We Roman Catholics should give thanks for St Richards Church, which came about due to the Morant Bay Rebellion led by Baptist Deacon Paul Bogle. And we should also give thanks that the first Jamaican Roman Catholic candidate for canonisation (sainthood), the late father Leslie Russell (1909-57) attended the Baptist-owned Calabar High School.

The first housing scheme in Jamaica, located in Homestead, Bamboo, St Ann, was built by the Roman Catholic Church, not by politicians. We need to give thanks that most Jamaicans no longer live in wattle-and-daub huts. We need to remember that Jamaica Welfare was founded by Norman Manley before he went into politics. It was Jamaica Welfare that started self-help housing as well as community development of the rural areas. Jamaica Welfare also saw to the development of producer and service co-operatives in Jamaica. For these we need to give thanks.

In October we observe Credit Union Day on the third Thursday of the month. Indeed, the entire month is observed as credit union month by some credit unions. This was not established by politicians but by the Young Men’s Sodality of the Holy Trinity (Roman Catholic) Cathedral. The credit unions have empowered millions of Jamaicans over the last 70-odd years, despite our several complaints, especially mine. Again, we need to give thanks here.

Jesus Christ, being born a Jew, used the culture of his people to institute his body and blood at the Passover meal. The word Eucharist comes from two Greek words that mean thanksgiving. Jesus took the bread, broke it, and gave thanks. He also gave thanks before passing around the cup of wine. All of this was in the tradition of the Jews who gave thanks at their Passover meal in each year.

It is understandable that since the earliest Christians were Jews, the Book of Psalms, in which the central theme is thanksgiving, would be the first prayer book of the Church. But as many could not read and write until the last century, a chain of beads called a rosary was developed by monks in the 12th century to represent the 150 Psalms. In the Roman Catholic Church, October is celebrated as the month of the rosary.

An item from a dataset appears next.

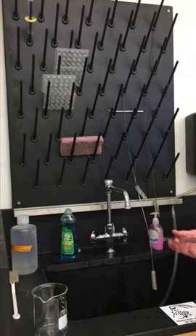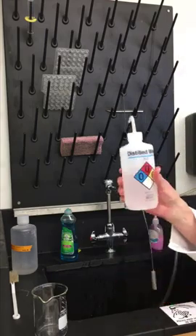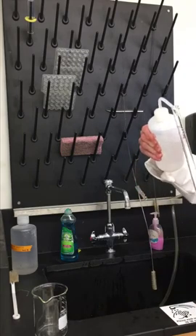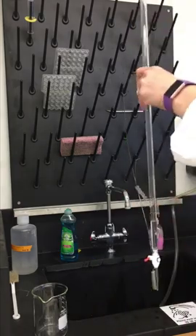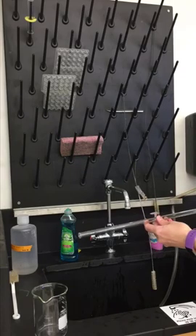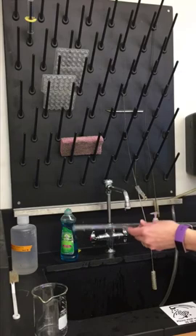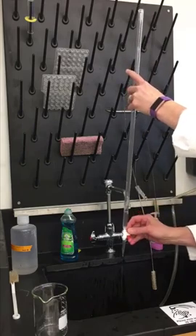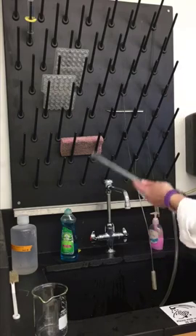Now I want to rinse with distilled water, because tap water has ions in it that might affect our results. Just fill it a little bit — about five milliliters — then rinse the walls of the glass over a waste beaker, let it run through the tip and rinse. You need to do a rinse with distilled water three times.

The Psalms was from the beginning a central element of the rosary, which would evolve to a compendium of the four gospels. The five joyful, five sorrowful, five glorious, and five luminous mysteries of Jesus Christ is centred on the recitation of decades of the ‘Hail Mary’ prayer, the first part of which is two verses from the first chapter of St Luke. The second part was developed by the Church. The rosary, which has taken 800 years, so far, to evolve, is really about giving thanks for all that Jesus Christ did and is still doing for us. In a real way, the theme of the rosary is ‘Thanksgiving’.